● Task directions
Your job with the data below is to output exactly the lines from the one holding "Sierkussen voor kerstvakantie" down to the one holding "APR PERFORMANCE CARBON", both included, and no others.

Start of Material provided

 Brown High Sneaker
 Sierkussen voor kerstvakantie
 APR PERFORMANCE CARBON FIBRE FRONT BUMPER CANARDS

End of Material provided
Start of Material provided

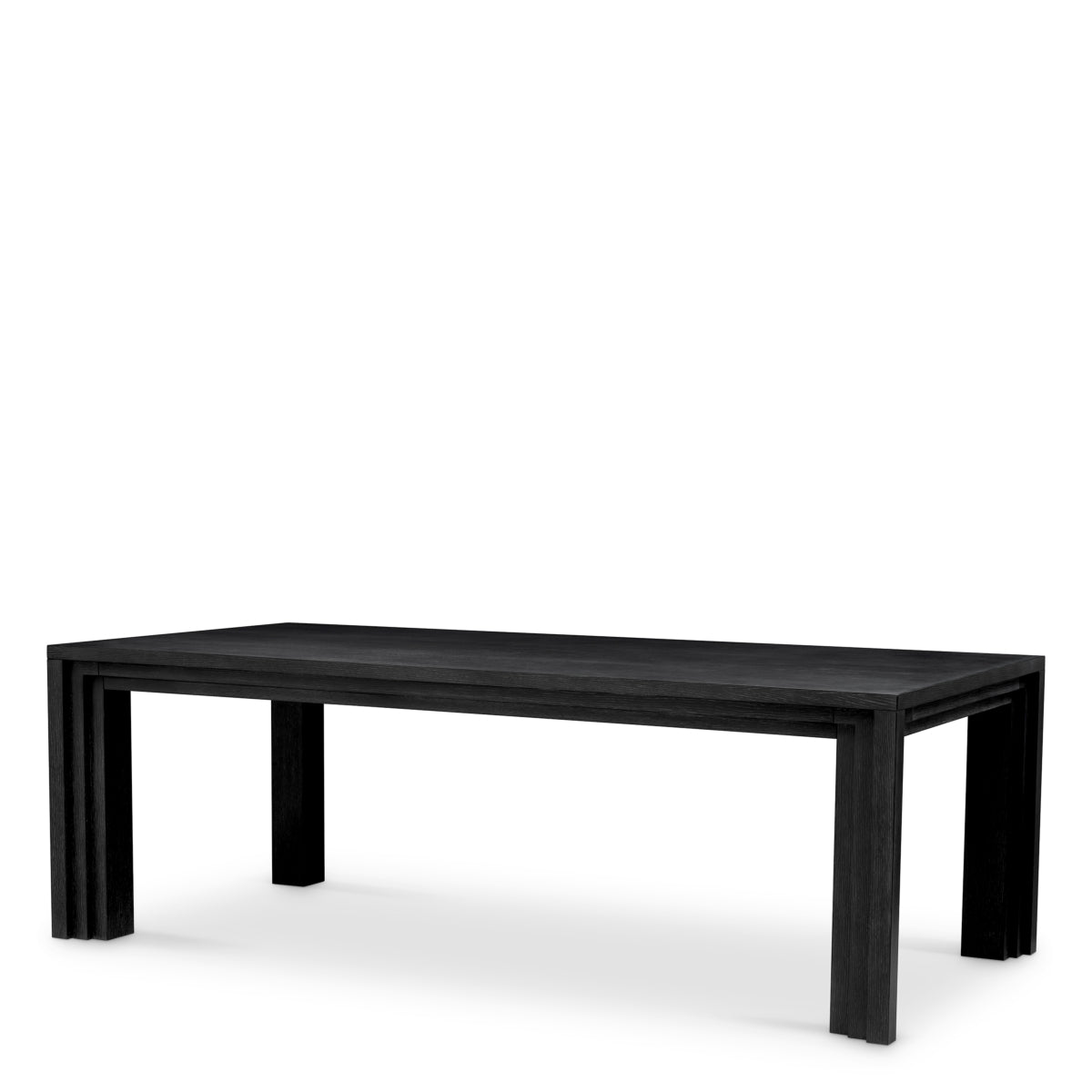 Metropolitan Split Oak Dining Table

End of Material provided

● Result
 Sierkussen voor kerstvakantie
 APR PERFORMANCE CARBON FIBRE FRONT BUMPER CANARDS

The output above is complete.